Health Insurance Continuation
What Small Employers Need to Know
State Continuation is the state equivalent to federal COBRA for Oregon employers with fewer than 20 employees and others not subject to COBRA law. The American Recovery and Reinvestment Act (ARRA), which brought about the federal health insurance subsidy of 65% of health insurance premiums for workers involuntarily terminated since September 1, 2009 - and their families, applies to State Continuation as well as COBRA. On April 28, 2009, Governor Kulongoski signed legislation to extend benefits for workers laid off by small employers in order to allow those unemployed Oregonians to take full advantage of the federal health insurance subsidy.
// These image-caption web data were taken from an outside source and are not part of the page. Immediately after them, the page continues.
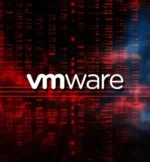 ⁦VMware vCenter Server 8 Standard Cd Key Global⁩ - الصورة ⁦3⁩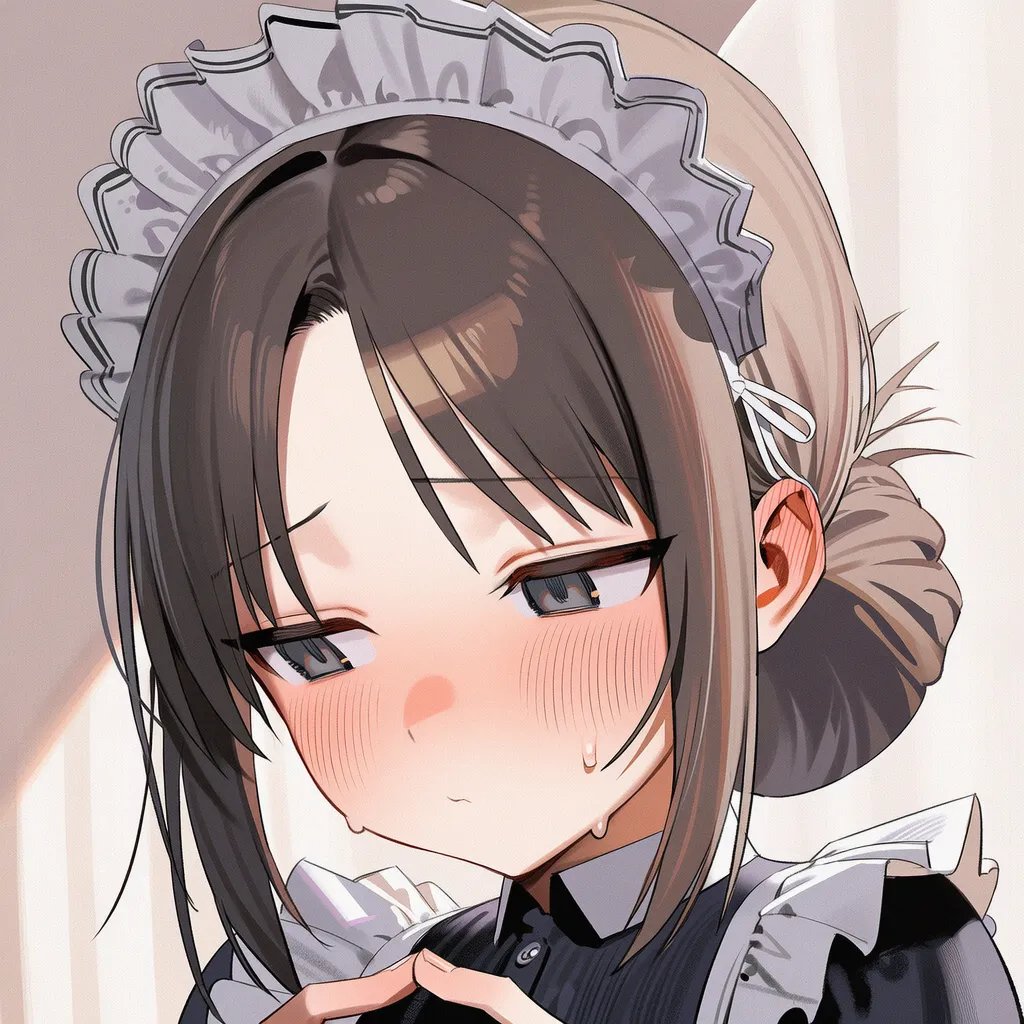 부끄러운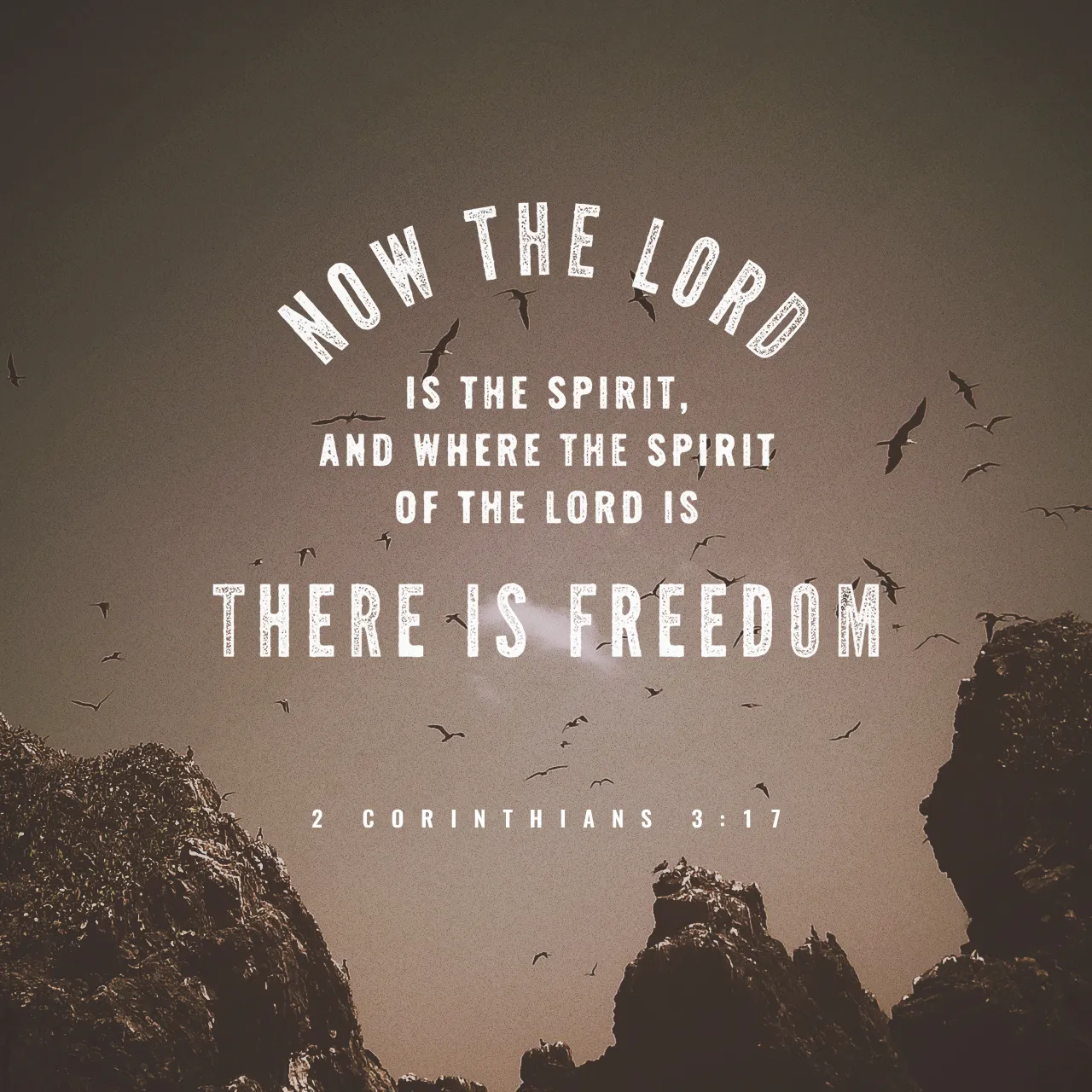 ScriptureArt_0416_-_2Corinthians3_17_157x157.jpg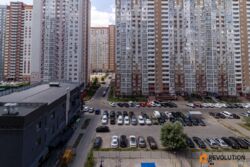 1к квартира фото 14 1к квартира фото 14
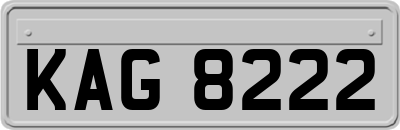KAG8222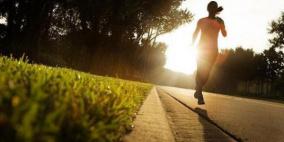 7 تأثيرات إيجابية للمشي الصباحي على الصحة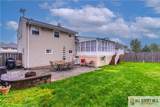 47 Dewitt Terrace - Photo 25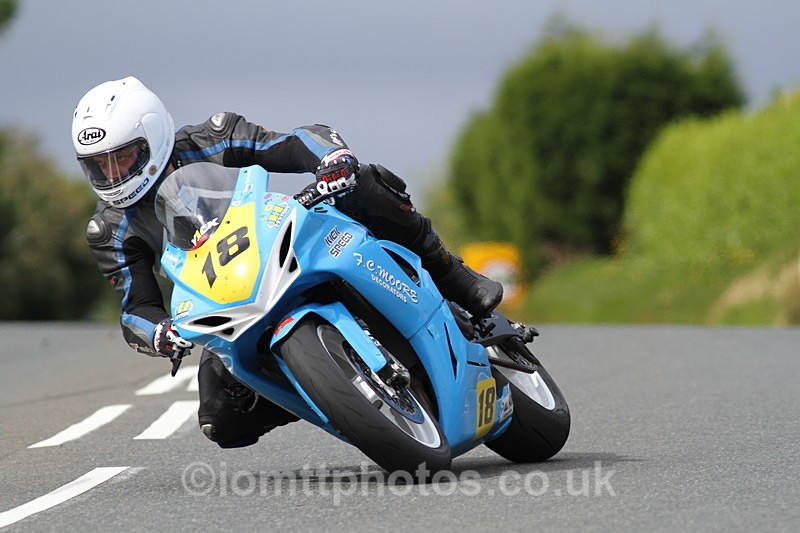 FOM_5372 - Senior MGP Race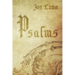 Psalms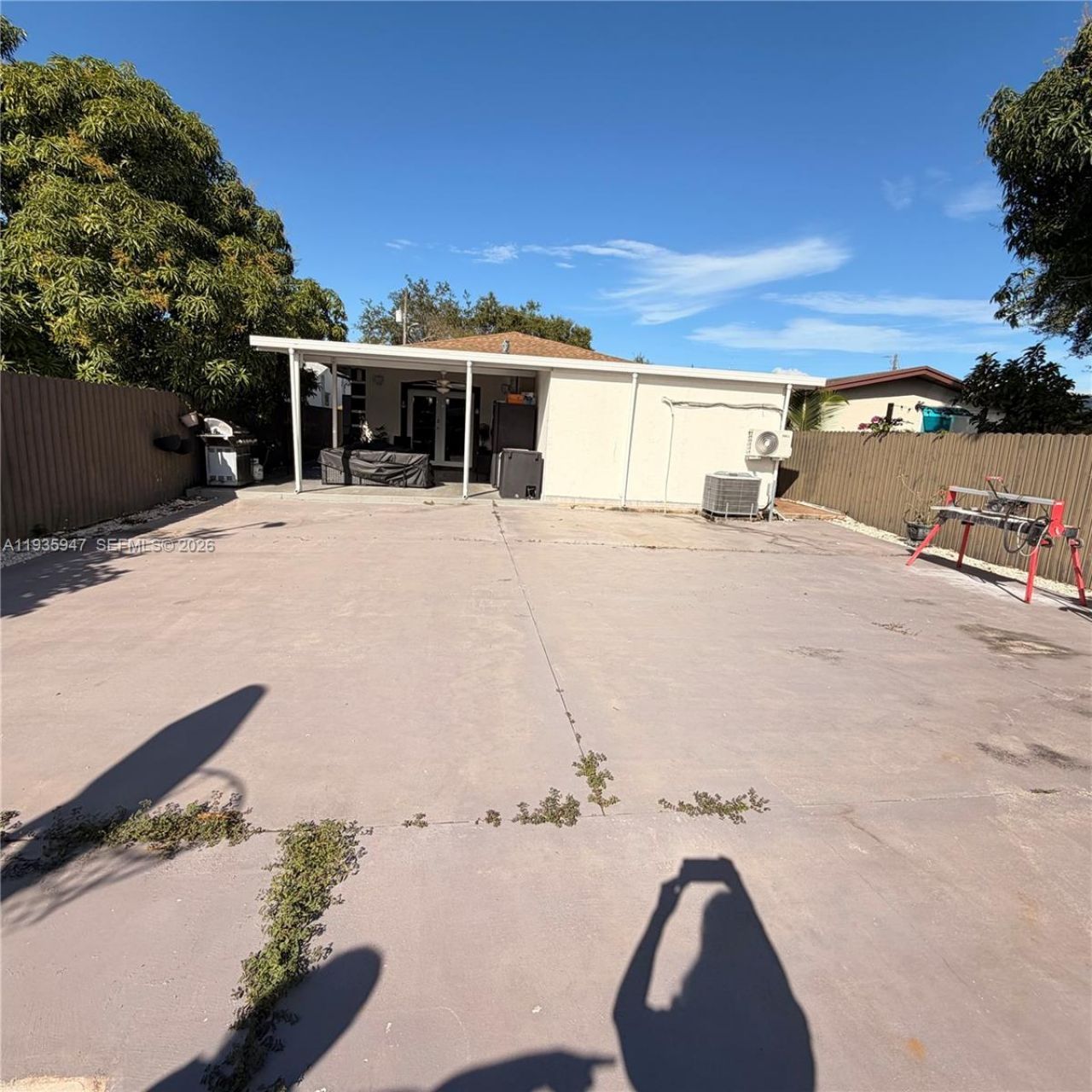 3140 NW 60th St, Miami, FL 33142 Photo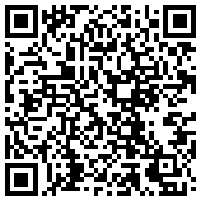 QR Code for bitcoin:bitcoin:bitcoin:bitcoin:bitcoin:bitcoin:bitcoin:bitcoin:3FSfaUogTdZsLPqeMXR6ufMChPd7Zc6v6k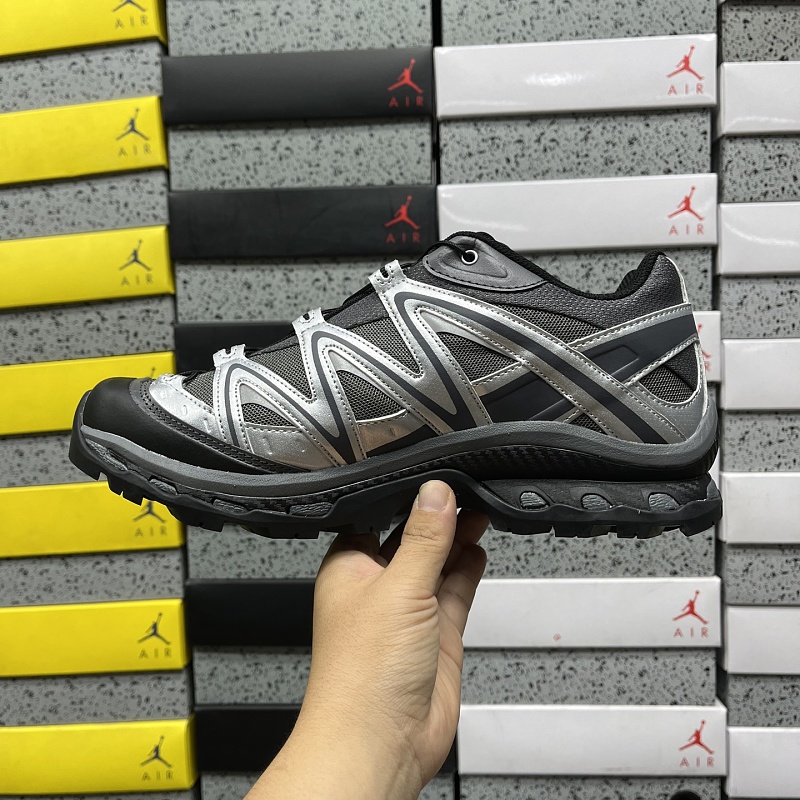 Salomon XT-Q Sneakers 2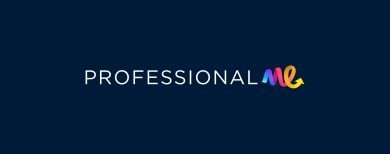 شركة تكنولوجيا الموار البشرية Professional.me تجمع جولة تمويل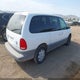 1B4GP54L0VB469965 1997 Dodge Grand Caravan Es/Le auction photo thumbnail 4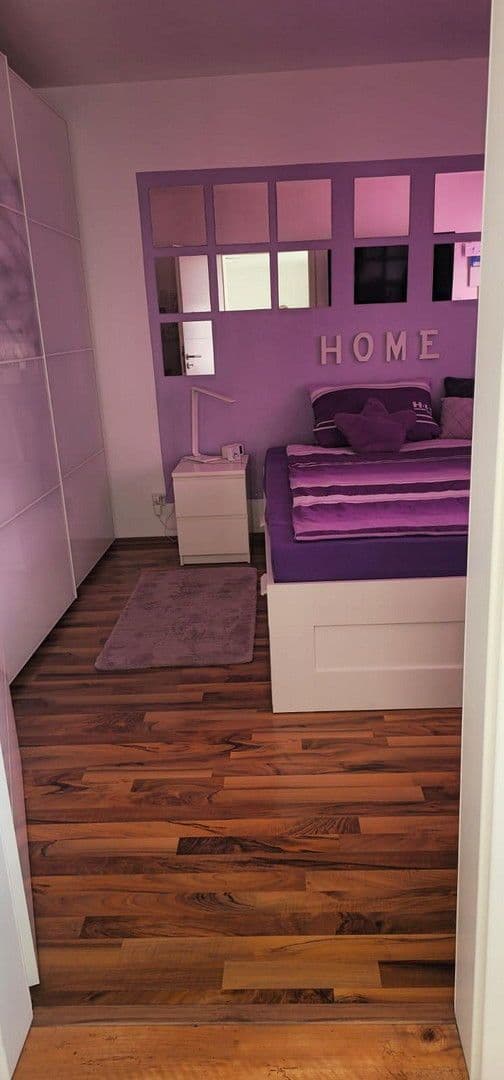 3 bedroom flat for sale, 81 m², Langenhagen, Lower Saxony 3 bedroom flat for sale, 81 m², Langenhagen, Lower Saxony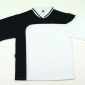 gordo-white-black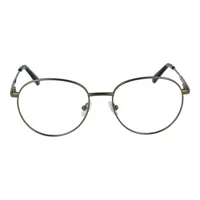 unisex-spectacle-frame-gant-ga50026-52012-s72128194-bbs72128194.jpg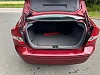 Volvo S40 S40 1.8i 16v Kinetic thumbnail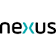 Logo de People Nexus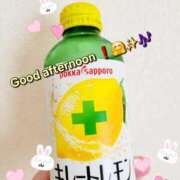 ヒメ日記 2025/05/22 12:09 投稿 みおり エレガンス(広島)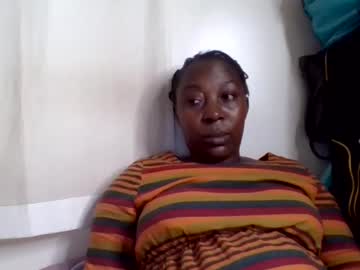 alesha_
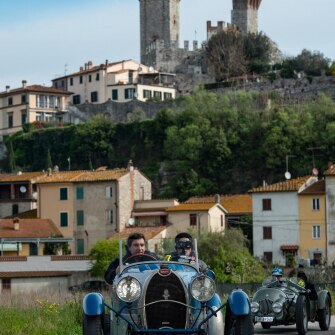 2019-terre-di-canossa-330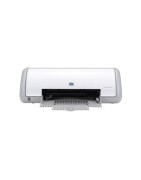 DeskJet 3940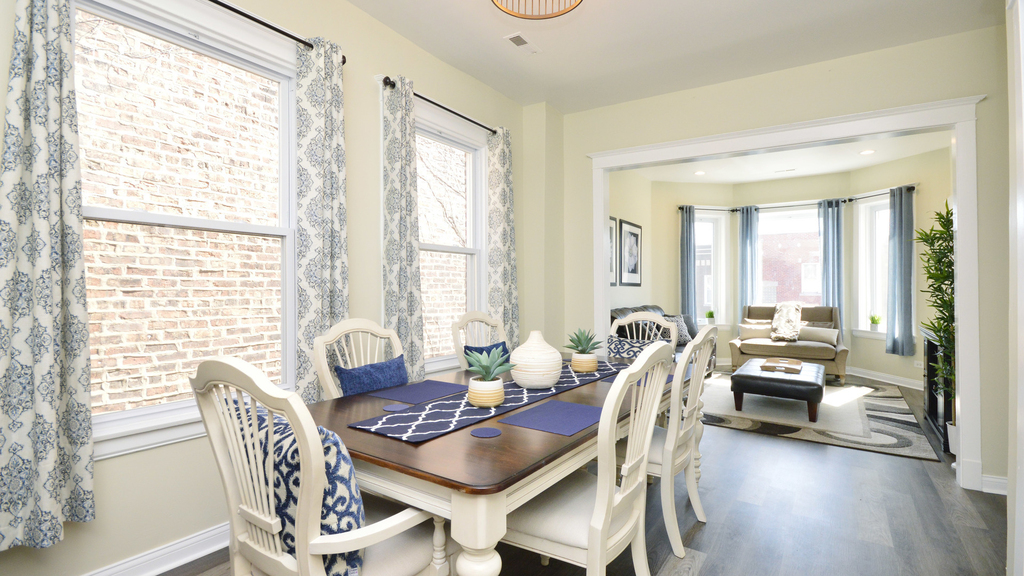 2904 W Diversey Avenue - Photo 5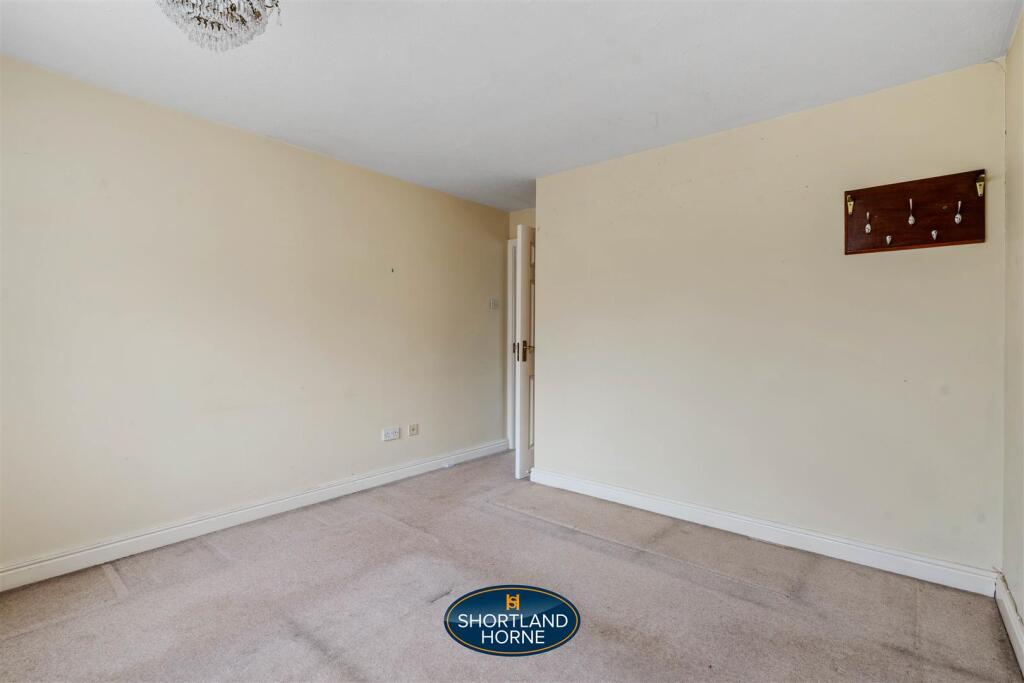 5 Poppyfield Court WM (20 of 36).jpg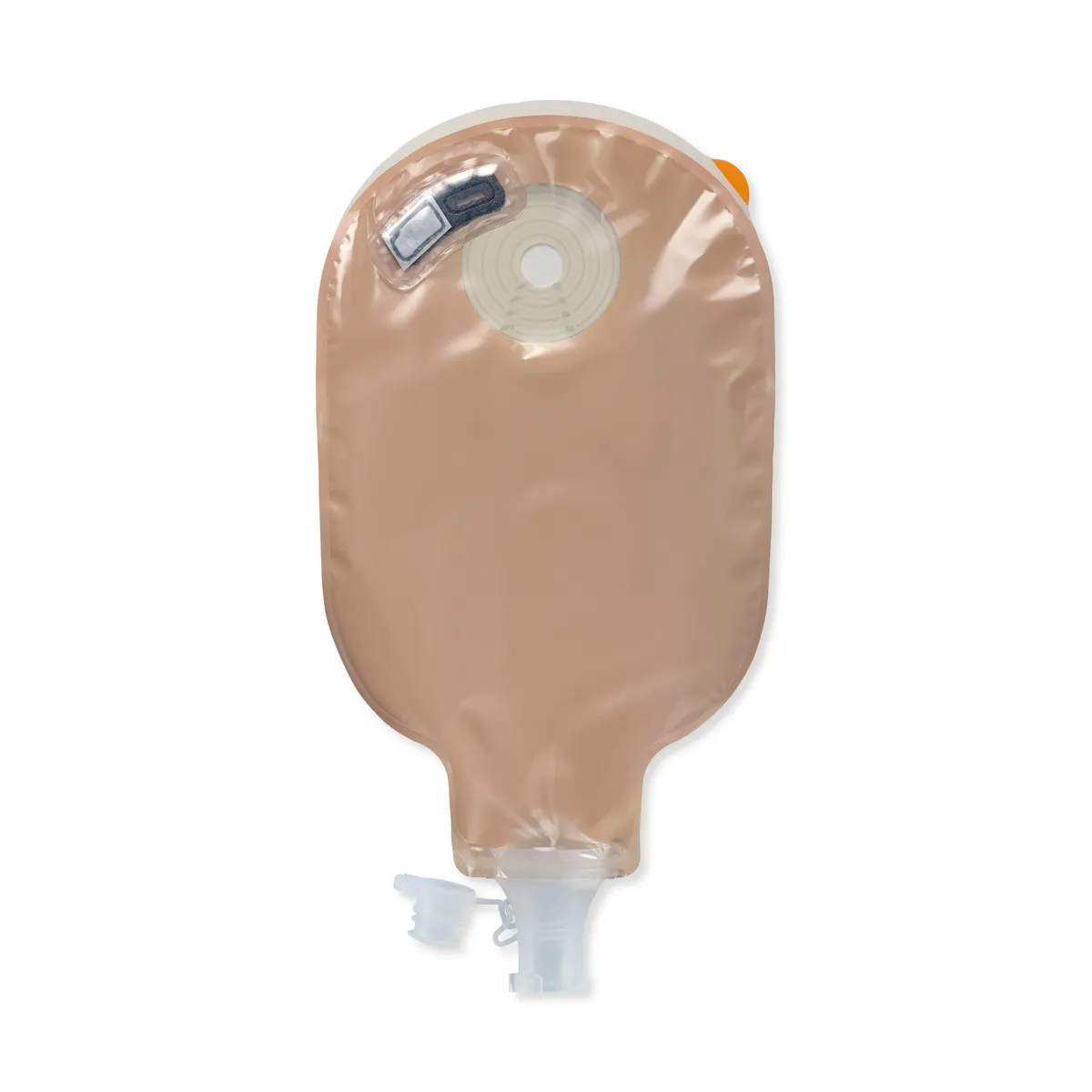 product-1020828299-1-0-51769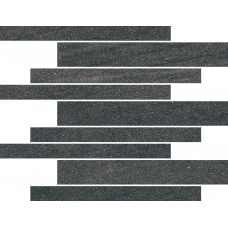 Плитка 24458 Artisan Aqua 13,2x13,2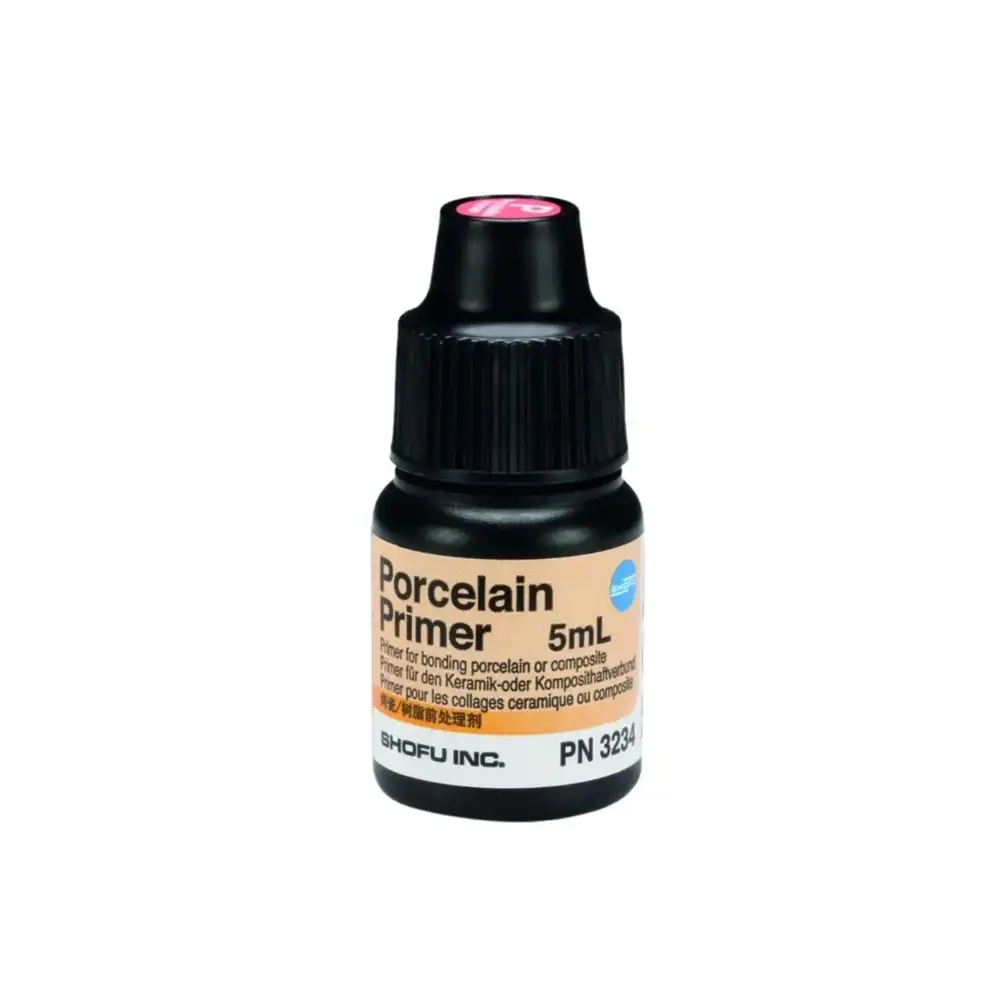 Shofu-Procelain-Primer-5ml_closeup.webp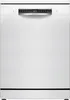 Bosch Serie 4 SMS4HKW07E Freistehender Geschirrspüler, Höhe Produktbild-Vorschau 1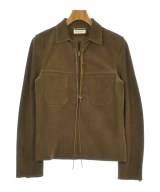 SAINT LAURENT PARIS ブルゾン（その他）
This bill extends State Continuation coverage to 9 months and allows qualified beneficiaries a second opportunity to elect coverage. Additionally, insurance carriers are required to notify all Oregonians who were employed by small businesses and whose jobs ended between 9/1/08 and 12/31/09 that they have the option to elect coverage. Please note that the burden of managing the payments from involuntarily terminated employees eligible for state continuation as well as claiming the subsidies has been placed on the insurance carrier not the former employer.
State Continuation Information Released by Insurance Division - 3/20/2009
State continuation coverage, which affects companies with less than 20 employees, was changed by ARRA. People on state continuation are eligible for the 65% premium subsidy. The Oregon Insurance Division has now released information on how the subsidy will be managed in the State of Oregon.